FIG. 6B is a side view of the pellet feed shutoff mechanism of FIG. 6A.

FIG. 6C is an inferior view of the pellet feed shutoff mechanism of FIG. 6A in a closed position.

FIG. 6D is a side view of the pellet feed shutoff mechanism of FIG. 6C.

FIG. 7A is a simplified perspective view of another pellet feed shutoff mechanism of the present disclosure in the context of a hopper and pellet delivery system.

FIG. 7B is a side view of the pellet feed shutoff mechanism of FIG. 7A in an open position.

FIG. 7C is a side view of the pellet feed shutoff mechanism of FIG. 7A in a closed position.

FIG. 8A is a simplified perspective view of another pellet feed shutoff mechanism of the present disclosure in the context of a hopper and pellet delivery system.

FIG. 8B is a side view of the pellet feed shutoff mechanism of FIG. 8A in an open position.

FIG. 8C is a side view of the pellet feed shutoff mechanism of FIG. 8A in a closed position.

FIG. 9 is a frontal cutaway view of a pellet grill having a pellet feed shutoff mechanism according to the present disclosure.
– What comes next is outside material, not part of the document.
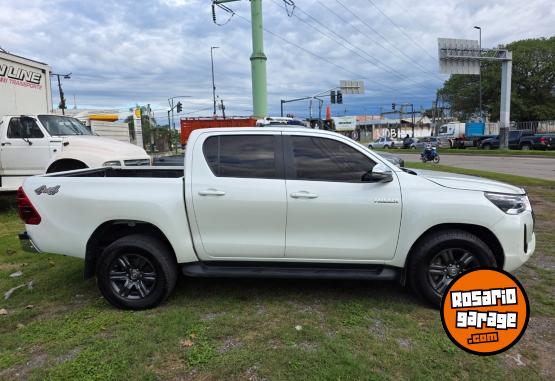 Camionetas - Toyota Hilux srv 2022 Diesel 85000Km - En Venta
DETAILED DESCRIPTION OF THE PREFERRED EMBODIMENTS

Referring now to FIG. 1A is a perspective view of a pellet feed shutoff mechanism 100 according to the present disclosure is shown. FIG. 1B is another perspective view of the pellet feed shutoff mechanism 100. FIG. 2 is a perspective view of the pellet feed shutoff mechanism 100 in the context of a hopper and pellet delivery system 200. A motor 102 may have an output shaft connecting to a rotary sleeve 106 or other door or blocking panel. A gear system 104 may be provided (and may provide reduction gearing as needed) for communicating power from the motor 102 to the sleeve 106. The sleeve 106 may be generally in the form of a hollow cylinder with a cutout 108 defined therein. A gear ring 110 may be providing or affixed to the sleeve 106 for meshing the sleeve 106 to gear system 104 or directly to the motor 102 or its output shaft. The sleeve 106 may also be turned manually, by an external knob on the gear system 104, for example.

As best seen in FIG. 2, a portion of a pellet fueled grill 200 is shown for context for the system 100. A firepot 202 may provide combustion and heat as is known in the art. A delivery channel 204 may be defined by an auger tube 205 with an opening 206 defined in a position where fuel pellets may flow the tube 204 from a pellet hopper 212. An auger 208 may rotate within the tube 204 powered by a motor 210 for moving the pellets in the tube 204 to the firepot 202. The sleeve 106 may be located in a position on the tube 204 so as to selectively open or close the opening 206 by movement of the opening 108 in the sleeve 106 to coincide with the opening 206.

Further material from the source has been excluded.